256 Colors in Vim, inside Screen, in an iTerm, on OS X Leopard
Borrowing a lot from this sage advice, I decided it’s time to figure out 256 color vim on OS X. That meant immediately leaving Terminal.app for dead, since he can’t display more than 8 (16 w/ANSI bold) colors. Here’s the alternative I came up with:
- Installed iTerm.
- In iTerm, hit option+cmd+B for “Profiles”.
- Under “Keyboard Profiles, Global”, I removed all the mappings and set the “Option Key as” to “+Esc”. This allows me to switch channels in irssi with option+number.
- Under “Terminal Profiles, Default”, I changed “Type” to “xterm-256color” and checked “Blinking cursor”.

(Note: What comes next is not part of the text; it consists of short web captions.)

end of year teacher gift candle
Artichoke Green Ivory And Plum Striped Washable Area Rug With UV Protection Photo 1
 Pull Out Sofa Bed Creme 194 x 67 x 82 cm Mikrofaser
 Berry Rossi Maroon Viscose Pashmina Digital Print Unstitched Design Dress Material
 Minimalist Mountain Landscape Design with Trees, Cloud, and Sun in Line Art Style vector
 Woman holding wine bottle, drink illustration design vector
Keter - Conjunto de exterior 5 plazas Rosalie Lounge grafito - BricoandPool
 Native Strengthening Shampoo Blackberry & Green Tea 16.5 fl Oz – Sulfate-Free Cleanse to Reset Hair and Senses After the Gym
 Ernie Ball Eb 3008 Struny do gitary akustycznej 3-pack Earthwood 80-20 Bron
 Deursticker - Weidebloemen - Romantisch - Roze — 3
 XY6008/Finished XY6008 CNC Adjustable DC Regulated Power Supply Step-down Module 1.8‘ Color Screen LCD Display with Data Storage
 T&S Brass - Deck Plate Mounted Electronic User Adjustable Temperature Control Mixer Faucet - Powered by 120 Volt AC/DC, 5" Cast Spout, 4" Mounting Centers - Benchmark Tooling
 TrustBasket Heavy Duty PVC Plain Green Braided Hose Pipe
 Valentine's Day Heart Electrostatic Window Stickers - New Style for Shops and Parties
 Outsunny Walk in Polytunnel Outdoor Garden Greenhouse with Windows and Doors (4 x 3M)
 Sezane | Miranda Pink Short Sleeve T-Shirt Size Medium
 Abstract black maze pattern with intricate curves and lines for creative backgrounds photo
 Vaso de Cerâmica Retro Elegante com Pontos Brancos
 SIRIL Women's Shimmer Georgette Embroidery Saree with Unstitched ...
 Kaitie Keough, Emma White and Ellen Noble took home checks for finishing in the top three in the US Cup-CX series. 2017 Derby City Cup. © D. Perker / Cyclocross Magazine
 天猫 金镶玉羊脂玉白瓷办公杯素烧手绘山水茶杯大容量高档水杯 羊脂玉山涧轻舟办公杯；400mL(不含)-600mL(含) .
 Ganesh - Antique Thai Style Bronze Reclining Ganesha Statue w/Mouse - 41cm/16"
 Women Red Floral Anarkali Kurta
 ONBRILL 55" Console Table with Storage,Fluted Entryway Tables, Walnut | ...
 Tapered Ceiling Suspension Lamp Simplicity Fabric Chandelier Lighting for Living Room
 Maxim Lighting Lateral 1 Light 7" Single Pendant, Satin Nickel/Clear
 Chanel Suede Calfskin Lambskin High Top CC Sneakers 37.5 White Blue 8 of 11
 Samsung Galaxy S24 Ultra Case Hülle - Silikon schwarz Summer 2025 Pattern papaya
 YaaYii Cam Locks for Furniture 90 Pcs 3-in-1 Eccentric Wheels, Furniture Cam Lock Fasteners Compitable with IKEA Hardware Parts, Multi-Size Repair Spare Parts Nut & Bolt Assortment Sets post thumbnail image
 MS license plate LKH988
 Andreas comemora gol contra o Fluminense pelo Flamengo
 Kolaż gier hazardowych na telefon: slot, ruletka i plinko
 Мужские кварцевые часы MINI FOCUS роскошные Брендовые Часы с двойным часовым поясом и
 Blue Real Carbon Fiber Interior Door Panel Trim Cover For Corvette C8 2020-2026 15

- Under “Display Profiles”, for “Dark Background” and “Light Background”, I tweaked the “Cursor” colors to be more visible.
- Grabbed this perl script that prints a 256 color test palette to the console. Ran it outside of GNU Screen, and everything looked good.
- Added the following lines to my ~/.screenrc:
> #terminfo and termcap for nice 256 color terminal
> # allow bold colors - necessary for some reason
> attrcolor b “.I”
> # tell screen how to set colors. AB = background, AF=foreground
> # the first two are for other terminal emulators, just in case.
> termcapinfo xterm “Co#256:AB=E[48;5;%dm:AF=E[38;5;%dm”
> termcapinfo xterm-color “Co#256:AB=E[48;5;%dm:AF=E[38;5;%dm”
> termcapinfo xterm-256color “Co#256:AB=E[48;5;%dm:AF=E[38;5;%dm”
> term xterm-256color
> # erase background with current bg color
> defbce “on” - Ran the test script inside of GNU Screen, everything looked good.
- Added the following lines to the top of my ~/.vimrc, because apparently “set t_Co=256” must appear before any syntax and color settings:
> set t_Co=256
> :colorscheme railscasts - Started up vim inside GNU Screen, and voila!
- Wrote about it here so I never forget this stuff.